The overuse of the word, and the misinterpretation of what it really means, has now begun to cheapen the extraordinarily rare quality it represents. And like any currency that has flooded the market and become devalued, too many complimentary references around grit have detracted from what it really connotes.
Before we take a look at grit and what it is and isn’t, I have a personal story to share that demonstrates why grit trumps lots of other qualities when it comes to getting what you want:
When my oldest son was looking for a job as college was nearing an end, he began to send out resumes and make calls to accounting firms where he could put his college degree to good use. He did this amidst a sea of depressing headlines and media stories about how his generation was mostly unable to land jobs, let alone move away from home. Throw in some stories about how his peers are more saddled with college debt than previous generations and you have a bleak picture.

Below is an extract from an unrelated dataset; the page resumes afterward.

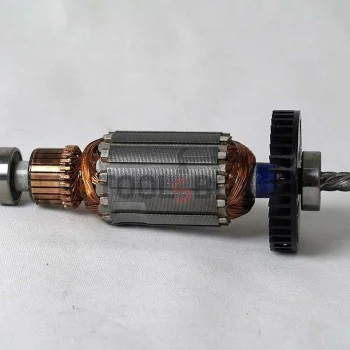 Котва за гайковерт Makita 6805BV, 6802BV 515158-7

He found something very different, though, when he got out there. Although my son had often paid more attention to swimming than academics during his college career, many of the top accounting firms wanted to interview him. And once he got into those offices, the interviews quickly focused on the massive amount of time he’d spent honing his strokes and times in the pool over 14 grueling years – not just his grades.
As he recounted to us later, the hours of questions centered around several things: the number of years he’d swum competitively at an elite level, the fact that he’d changed colleges yet been elected captain for his spirit and leadership, and the extraordinary amount of pre-dawn and afternoon workouts he’d logged during years when his friends were having fun and sleeping. It wasn’t hard to see that these firms, many of which offered him high-paying jobs, were looking for looking for signs of diligence, hard work, motivation and competitiveness more than the perfect GPA. They didn’t want whiners, quitters and kids who would groan if they had a late night in the office. It was an eye-opener, as well as a relief.

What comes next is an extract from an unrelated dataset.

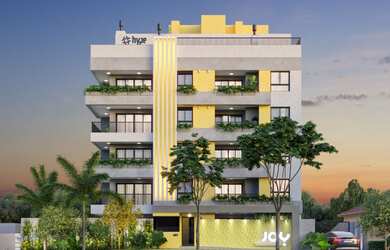 Imagem: O apartamento possui 3 Dormitórios, 1 Suíte, 2 Banheiros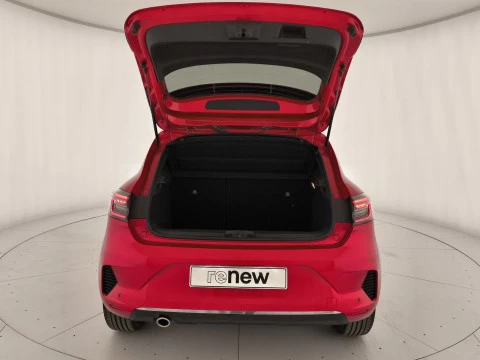 Renault Clio techno Eco-G 100cv (74kW)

Angela Duckworth, who won a MacArthur Genius Grant for her work on identifying, quantifying and educating others about grit, describes this particular quality as “passion and perseverance in the pursuit of long-term goals.” Her work on grit is so popular that her TED talk about it is ranked as one of their all-time hits, and is approaching 5 million views. (If you want to learn your own grit score, click here.)
Your grit score – 5 is perfect – is now the leading predictor of who drops out at West Point, who finals in the National Spelling Bee, and even who is most likely to stick out the two years required of students who are selected for “Teach for America.” Angela believes that grit is contagious, which she describes in a podcast interview I did with her a few years ago.)
What is grit in real time? Grit is a janitor who studies for twelve years at Columbia University after mopping floors and cleaning toilets, only to graduate with honors at the age of 52. Grit is the recovering alcoholic who sidesteps multiple potential opportunities to relapse but reaches several decades of sobriety while helping others to do the same.
Grit is not necessarily the soccer player who gets through one game with a knee injury after years of being healthy. Grit is not the kindergartener who got up every morning and went to school despite being tired. Grit is not the woman who pushes out a 10-pound baby after hours of labor. These are all examples of discomfort that have been overcome, but they aren’t grit because there isn’t a long history of overcoming setbacks in pursuit of cherished dreams and goals.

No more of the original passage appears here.